══ DATASET ENTRIES

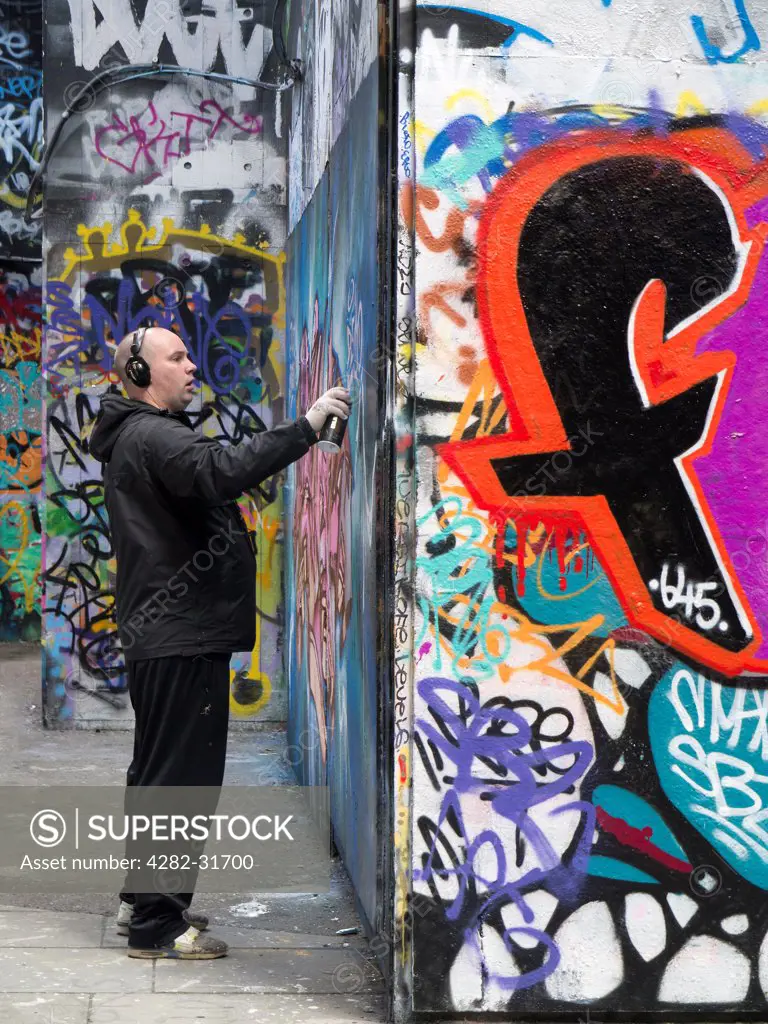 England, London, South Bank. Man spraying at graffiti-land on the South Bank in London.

════
══ DATASET ENTRIES

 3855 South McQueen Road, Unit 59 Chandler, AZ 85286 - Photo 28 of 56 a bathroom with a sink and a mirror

════
══ DATASET ENTRIES

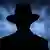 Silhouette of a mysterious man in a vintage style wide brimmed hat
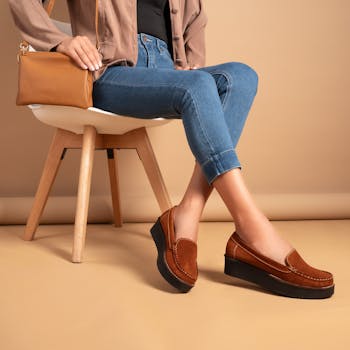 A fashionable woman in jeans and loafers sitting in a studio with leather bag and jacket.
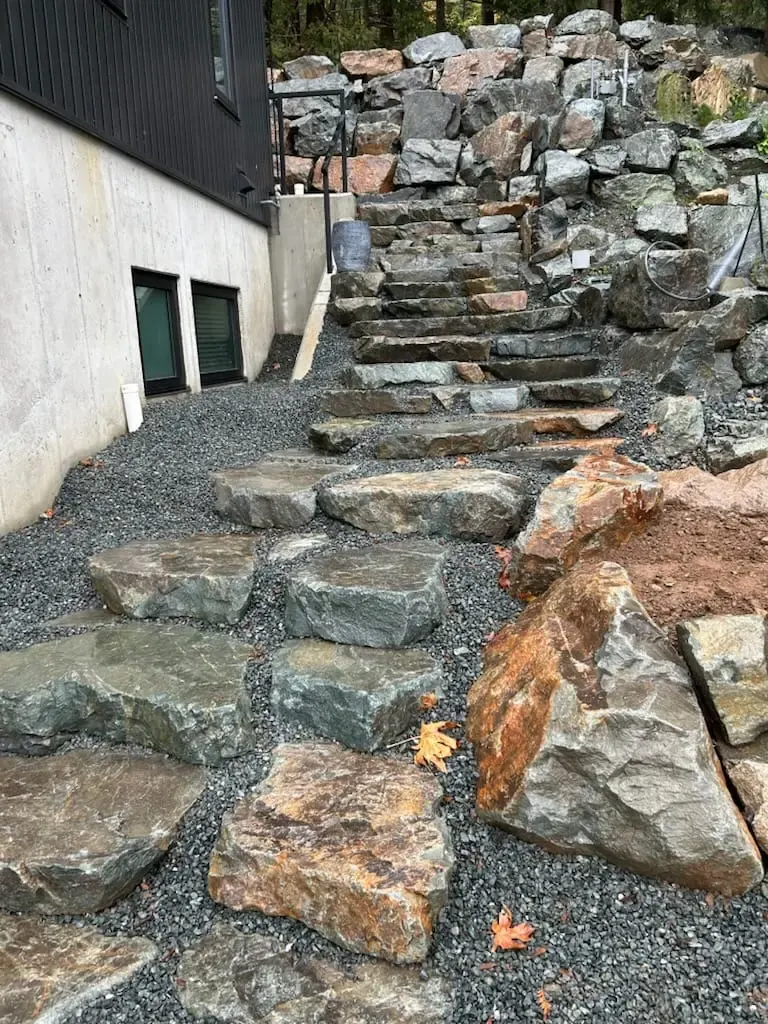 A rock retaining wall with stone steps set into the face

════

Would you print exactly the lines in the listing above, from the line bearing "A fashionable woman" through the line bearing "A rock retaining", leaving out all pictures?

== WRITTEN SOLUTION ==
 A fashionable woman in jeans and loafers sitting in a studio with leather bag and jacket.
 A rock retaining wall with stone steps set into the face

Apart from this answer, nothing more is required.